* The records
..........
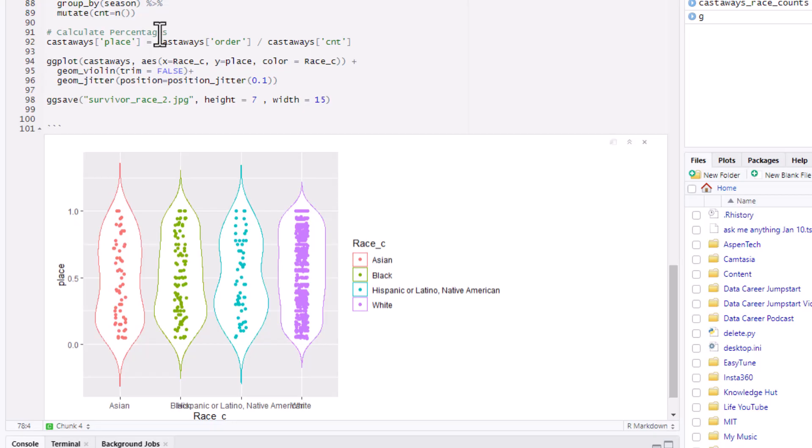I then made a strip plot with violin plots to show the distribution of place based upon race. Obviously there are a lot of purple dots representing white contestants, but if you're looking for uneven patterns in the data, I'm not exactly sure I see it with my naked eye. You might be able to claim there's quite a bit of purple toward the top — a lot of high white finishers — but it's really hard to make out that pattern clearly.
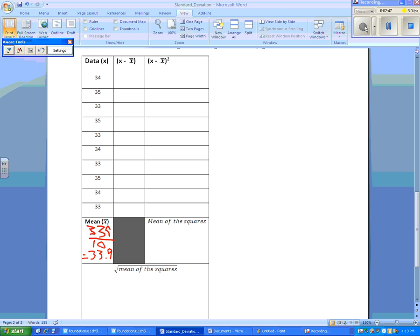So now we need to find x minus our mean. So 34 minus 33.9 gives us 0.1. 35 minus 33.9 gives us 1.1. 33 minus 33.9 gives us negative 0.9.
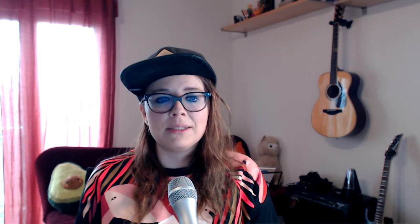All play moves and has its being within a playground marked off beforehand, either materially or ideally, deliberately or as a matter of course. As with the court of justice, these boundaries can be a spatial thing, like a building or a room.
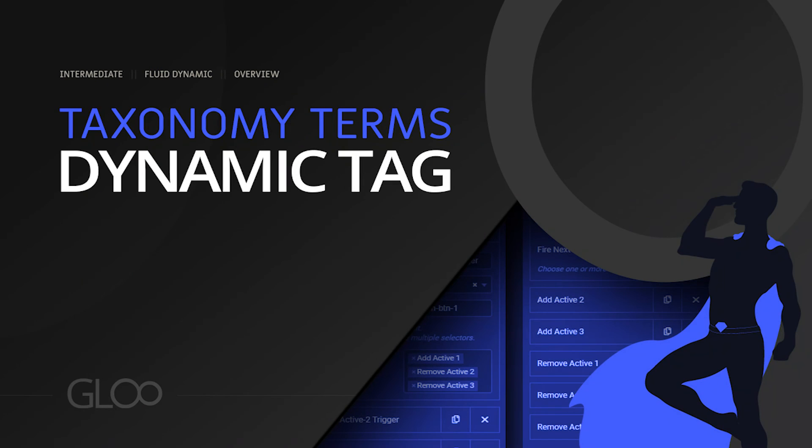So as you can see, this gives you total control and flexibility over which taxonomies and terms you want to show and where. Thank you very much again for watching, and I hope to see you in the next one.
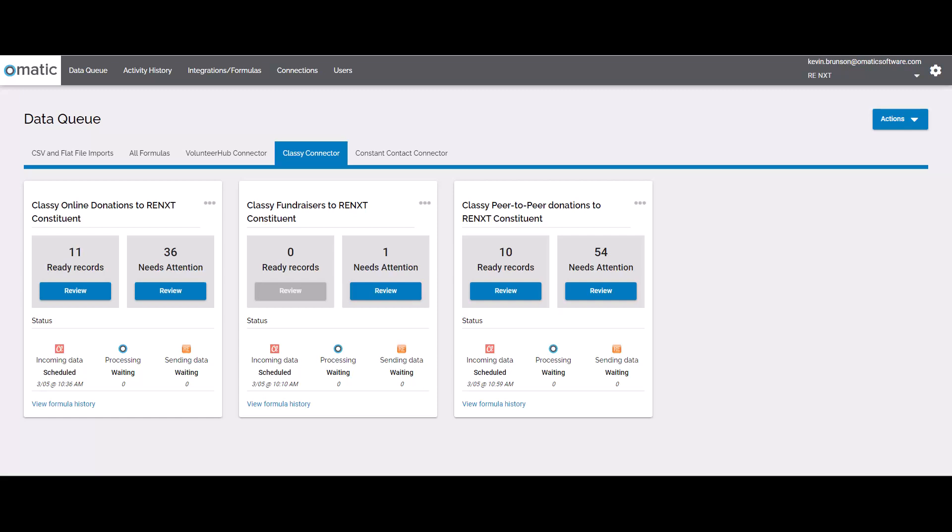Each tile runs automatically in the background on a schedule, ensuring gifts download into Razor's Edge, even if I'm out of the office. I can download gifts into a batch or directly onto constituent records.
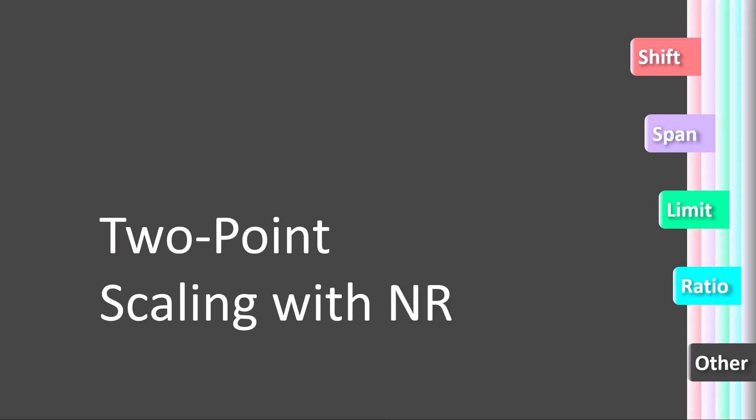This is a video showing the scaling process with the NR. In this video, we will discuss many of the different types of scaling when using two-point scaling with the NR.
..........
* Action item
In case the records contain pictures, keep those out and repeat the rest exactly.

* Answer space
I then made a strip plot with violin plots to show the distribution of place based upon race. Obviously there are a lot of purple dots representing white contestants, but if you're looking for uneven patterns in the data, I'm not exactly sure I see it with my naked eye. You might be able to claim there's quite a bit of purple toward the top — a lot of high white finishers — but it's really hard to make out that pattern clearly.
So now we need to find x minus our mean. So 34 minus 33.9 gives us 0.1. 35 minus 33.9 gives us 1.1. 33 minus 33.9 gives us negative 0.9.
All play moves and has its being within a playground marked off beforehand, either materially or ideally, deliberately or as a matter of course. As with the court of justice, these boundaries can be a spatial thing, like a building or a room.
So as you can see, this gives you total control and flexibility over which taxonomies and terms you want to show and where. Thank you very much again for watching, and I hope to see you in the next one.
Each tile runs automatically in the background on a schedule, ensuring gifts download into Razor's Edge, even if I'm out of the office. I can download gifts into a batch or directly onto constituent records.
This is a video showing the scaling process with the NR. In this video, we will discuss many of the different types of scaling when using two-point scaling with the NR.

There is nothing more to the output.